*** Opening Provided data ***

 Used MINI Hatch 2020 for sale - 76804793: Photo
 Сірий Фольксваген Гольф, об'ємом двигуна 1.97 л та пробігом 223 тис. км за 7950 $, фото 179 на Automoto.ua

*** Closing Provided data ***
*** Opening Provided data ***

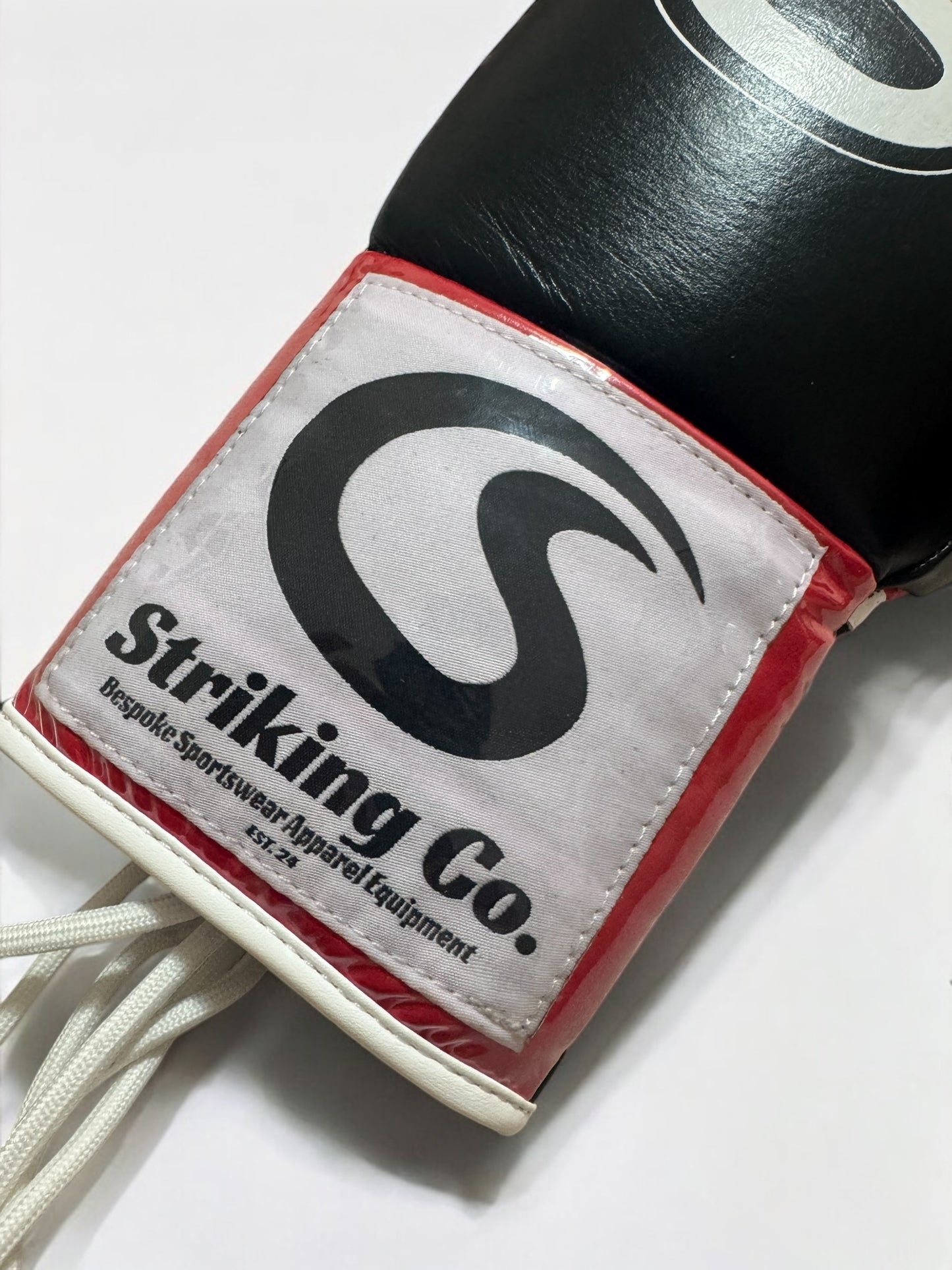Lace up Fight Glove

*** Closing Provided data ***
*** Opening Provided data ***

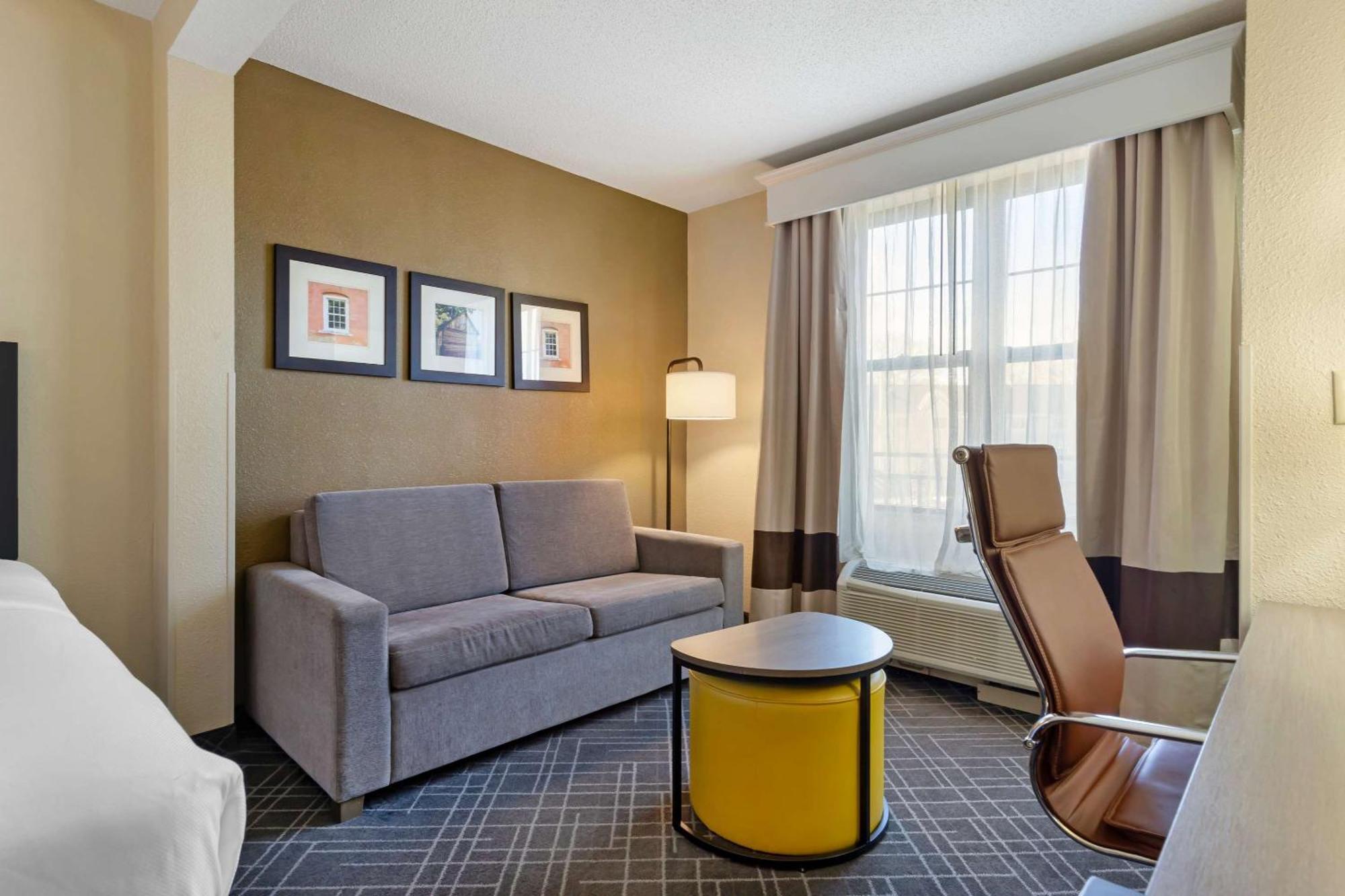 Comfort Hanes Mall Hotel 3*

*** Closing Provided data ***

● Try it: Your task is to retype the entries verbatim, starting with the line that holds "Used MINI Hatch" and stopping after the line that holds "Сірий Фольксваген Гольф, об'ємом".

● Task result:
 Used MINI Hatch 2020 for sale - 76804793: Photo
 Сірий Фольксваген Гольф, об'ємом двигуна 1.97 л та пробігом 223 тис. км за 7950 $, фото 179 на Automoto.ua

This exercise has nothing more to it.